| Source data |
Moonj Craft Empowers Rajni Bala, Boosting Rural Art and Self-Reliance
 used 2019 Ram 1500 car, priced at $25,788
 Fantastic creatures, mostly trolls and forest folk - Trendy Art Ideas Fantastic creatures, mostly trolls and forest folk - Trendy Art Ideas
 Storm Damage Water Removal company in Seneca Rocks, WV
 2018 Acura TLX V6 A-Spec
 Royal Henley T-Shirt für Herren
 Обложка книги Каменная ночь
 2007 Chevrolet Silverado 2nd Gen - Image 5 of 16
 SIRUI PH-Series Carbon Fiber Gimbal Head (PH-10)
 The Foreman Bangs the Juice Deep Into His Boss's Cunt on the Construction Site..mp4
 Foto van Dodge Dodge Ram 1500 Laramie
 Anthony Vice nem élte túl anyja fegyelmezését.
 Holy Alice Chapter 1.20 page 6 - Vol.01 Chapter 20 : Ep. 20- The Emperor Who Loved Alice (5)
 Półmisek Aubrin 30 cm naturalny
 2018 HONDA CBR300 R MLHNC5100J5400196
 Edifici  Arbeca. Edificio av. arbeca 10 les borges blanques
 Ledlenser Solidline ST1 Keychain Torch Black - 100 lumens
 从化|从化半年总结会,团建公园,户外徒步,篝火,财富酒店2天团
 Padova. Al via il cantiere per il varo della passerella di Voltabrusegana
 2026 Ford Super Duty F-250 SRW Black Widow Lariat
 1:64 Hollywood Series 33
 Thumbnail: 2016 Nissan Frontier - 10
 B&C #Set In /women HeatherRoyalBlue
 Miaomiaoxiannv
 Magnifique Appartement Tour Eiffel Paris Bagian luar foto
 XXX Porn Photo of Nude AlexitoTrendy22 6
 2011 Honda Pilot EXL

| WHAT YOU SHOULD DO |
Using the records above as the source, restate each line verbatim.

| OUTPUT OF THE EXERCISE |
Moonj Craft Empowers Rajni Bala, Boosting Rural Art and Self-Reliance
 used 2019 Ram 1500 car, priced at $25,788
 Fantastic creatures, mostly trolls and forest folk - Trendy Art Ideas Fantastic creatures, mostly trolls and forest folk - Trendy Art Ideas
 Storm Damage Water Removal company in Seneca Rocks, WV
 2018 Acura TLX V6 A-Spec
 Royal Henley T-Shirt für Herren
 Обложка книги Каменная ночь
 2007 Chevrolet Silverado 2nd Gen - Image 5 of 16
 SIRUI PH-Series Carbon Fiber Gimbal Head (PH-10)
 The Foreman Bangs the Juice Deep Into His Boss's Cunt on the Construction Site..mp4
 Foto van Dodge Dodge Ram 1500 Laramie
 Anthony Vice nem élte túl anyja fegyelmezését.
 Holy Alice Chapter 1.20 page 6 - Vol.01 Chapter 20 : Ep. 20- The Emperor Who Loved Alice (5)
 Półmisek Aubrin 30 cm naturalny
 2018 HONDA CBR300 R MLHNC5100J5400196
 Edifici  Arbeca. Edificio av. arbeca 10 les borges blanques
 Ledlenser Solidline ST1 Keychain Torch Black - 100 lumens
 从化|从化半年总结会,团建公园,户外徒步,篝火,财富酒店2天团
 Padova. Al via il cantiere per il varo della passerella di Voltabrusegana
 2026 Ford Super Duty F-250 SRW Black Widow Lariat
 1:64 Hollywood Series 33
 Thumbnail: 2016 Nissan Frontier - 10
 B&C #Set In /women HeatherRoyalBlue
 Miaomiaoxiannv
 Magnifique Appartement Tour Eiffel Paris Bagian luar foto
 XXX Porn Photo of Nude AlexitoTrendy22 6
 2011 Honda Pilot EXL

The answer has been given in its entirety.